● **Crawled caption data**
····················
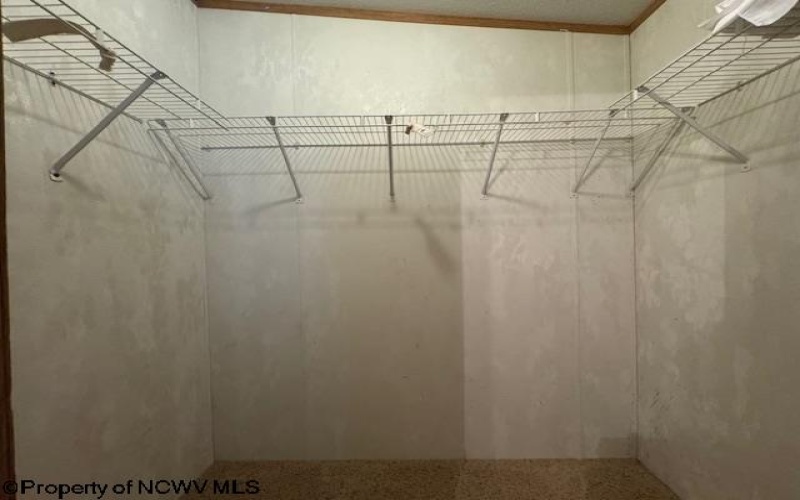 62 Brown Street, Rowlesburg, West Virginia 26425, 3 Bedrooms Bedrooms, 5 Rooms Rooms,2 BathroomsBathrooms,Single Family Detached,For Sale,Brown,10161211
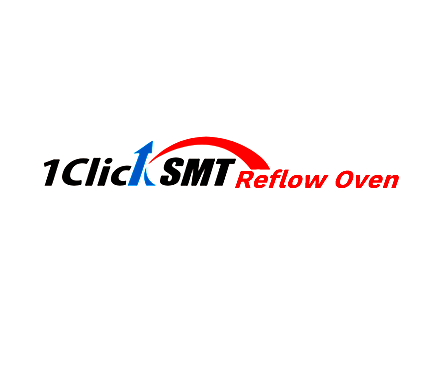  Profile Photos of 1 Click Smt-Reflow Oven Bld 1,Hua Ke Bao Chuang Industry zone,Shi Da Road - Photo 1 of 1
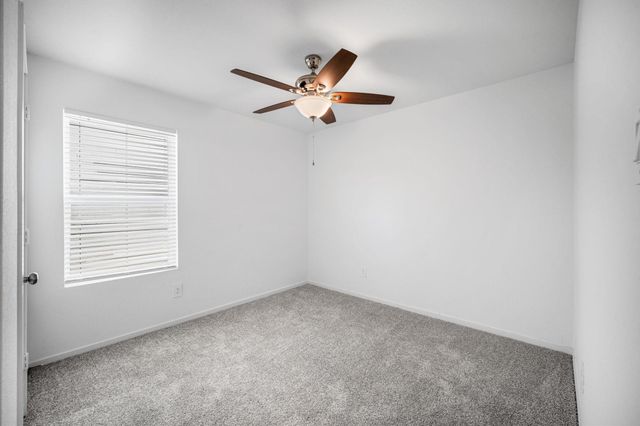 14982 N Ascot Bend Circle, Conroe, TX 77306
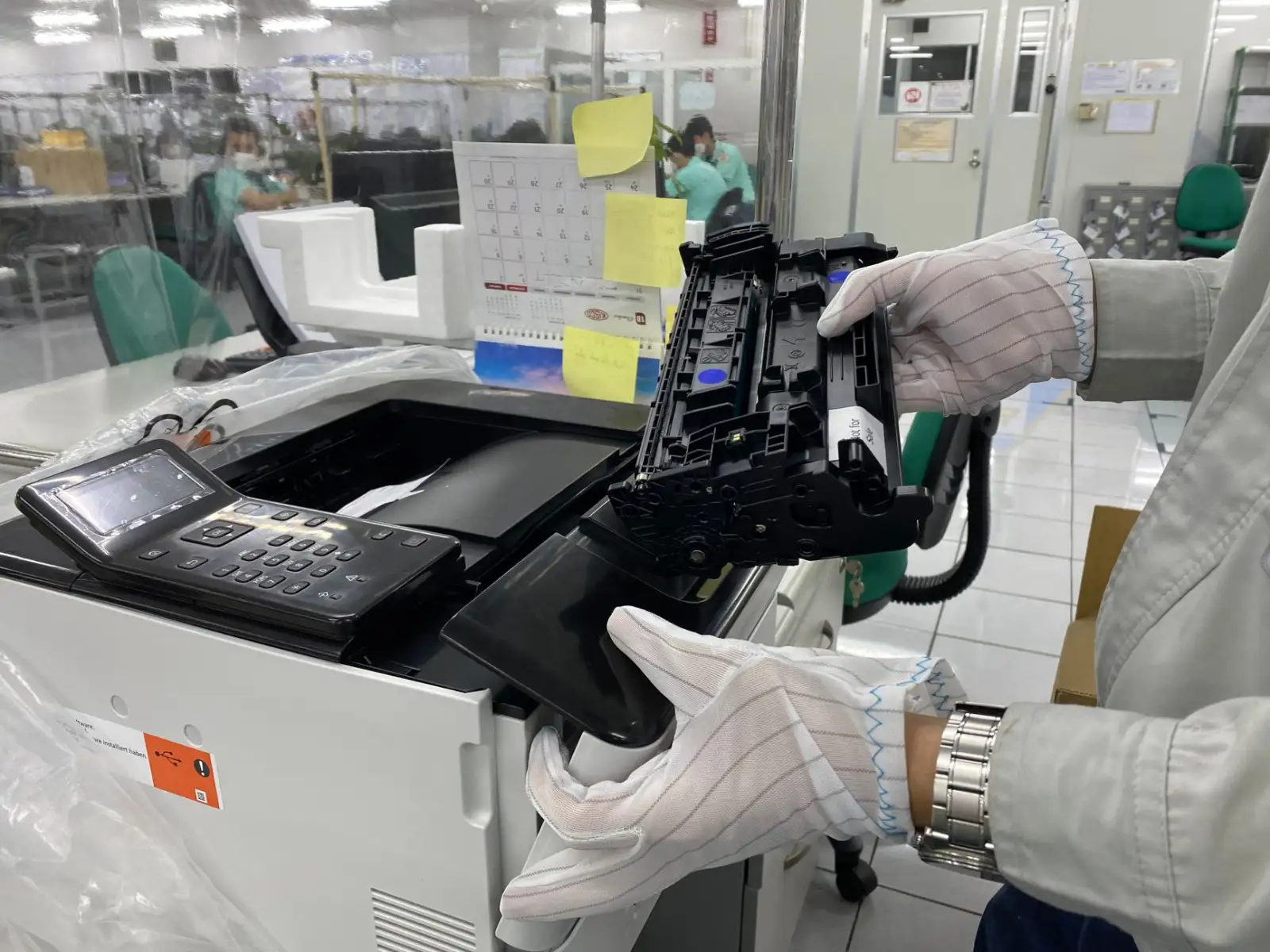 家居用品批发选购指南：匹配商超需求的实用方案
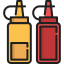 Sauces icon 64x64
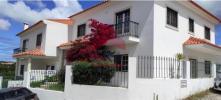 Annonce Location Maison CALDAS-DA-RAINHA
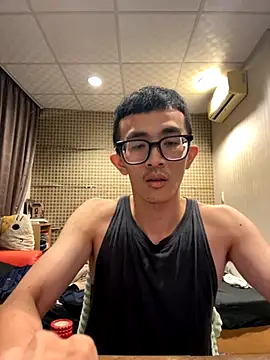 Snapshot of Stevenjt chatting on September 13, 4:08 pm Stevenjt online show from September 13, 4:08 pm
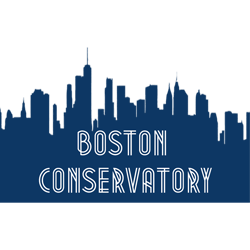 an unnamed conservatory in boston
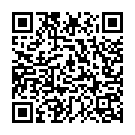 Bate Tohre Nawe Jingi Song - QR Code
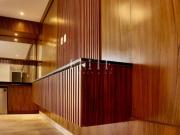 Departamento en Venta o Renta en Vela Towers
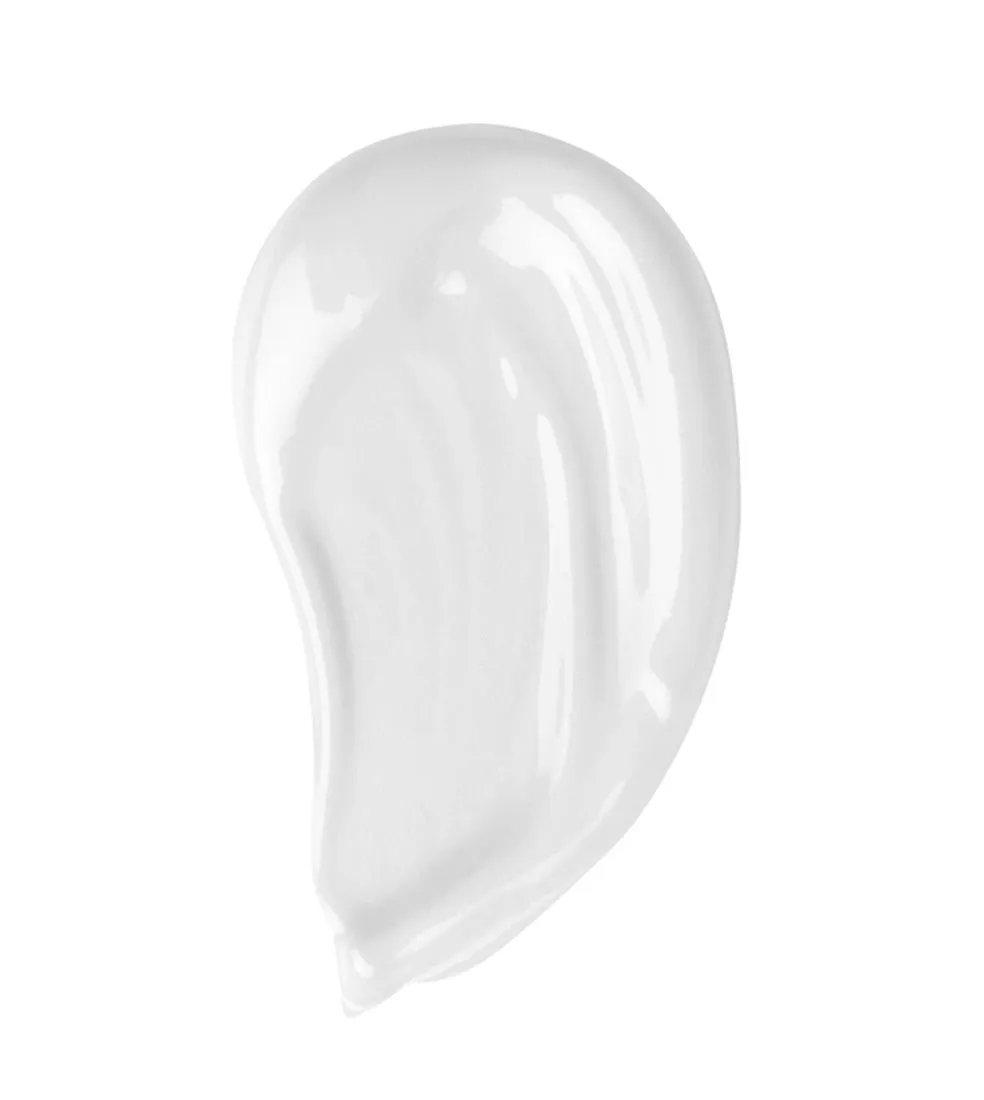Rimmel Lasting Finish Primer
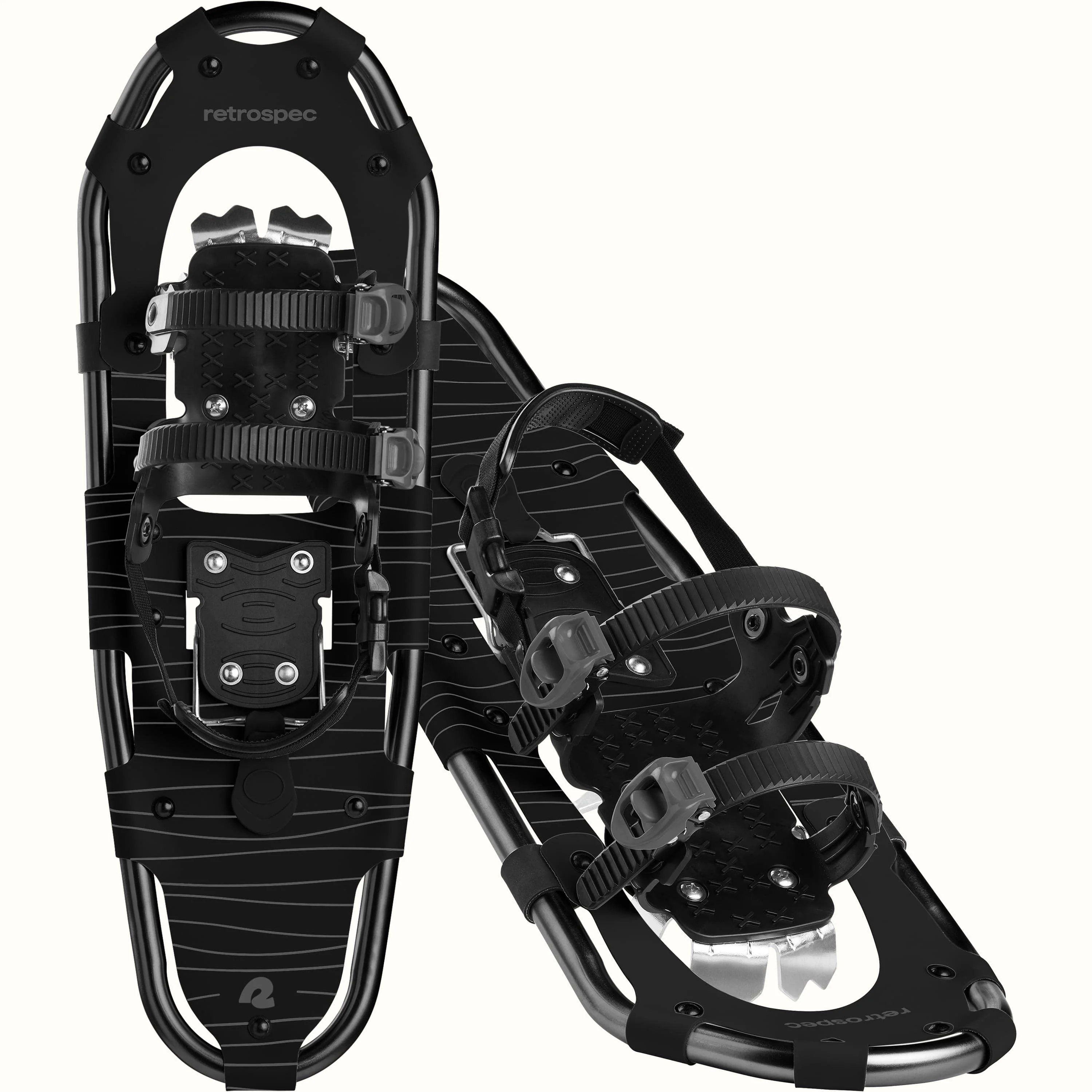 Drifter Lightweight Snowshoes - Image 8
····················
● **About this exercise**
Output all the records above exactly, but without their images.

● **Solution to the exercise**
 62 Brown Street, Rowlesburg, West Virginia 26425, 3 Bedrooms Bedrooms, 5 Rooms Rooms,2 BathroomsBathrooms,Single Family Detached,For Sale,Brown,10161211
  Profile Photos of 1 Click Smt-Reflow Oven Bld 1,Hua Ke Bao Chuang Industry zone,Shi Da Road - Photo 1 of 1
 14982 N Ascot Bend Circle, Conroe, TX 77306
 家居用品批发选购指南：匹配商超需求的实用方案
 Sauces icon 64x64
 Annonce Location Maison CALDAS-DA-RAINHA
 Snapshot of Stevenjt chatting on September 13, 4:08 pm Stevenjt online show from September 13, 4:08 pm
 an unnamed conservatory in boston
 Bate Tohre Nawe Jingi Song - QR Code
 Departamento en Venta o Renta en Vela Towers
Rimmel Lasting Finish Primer
 Drifter Lightweight Snowshoes - Image 8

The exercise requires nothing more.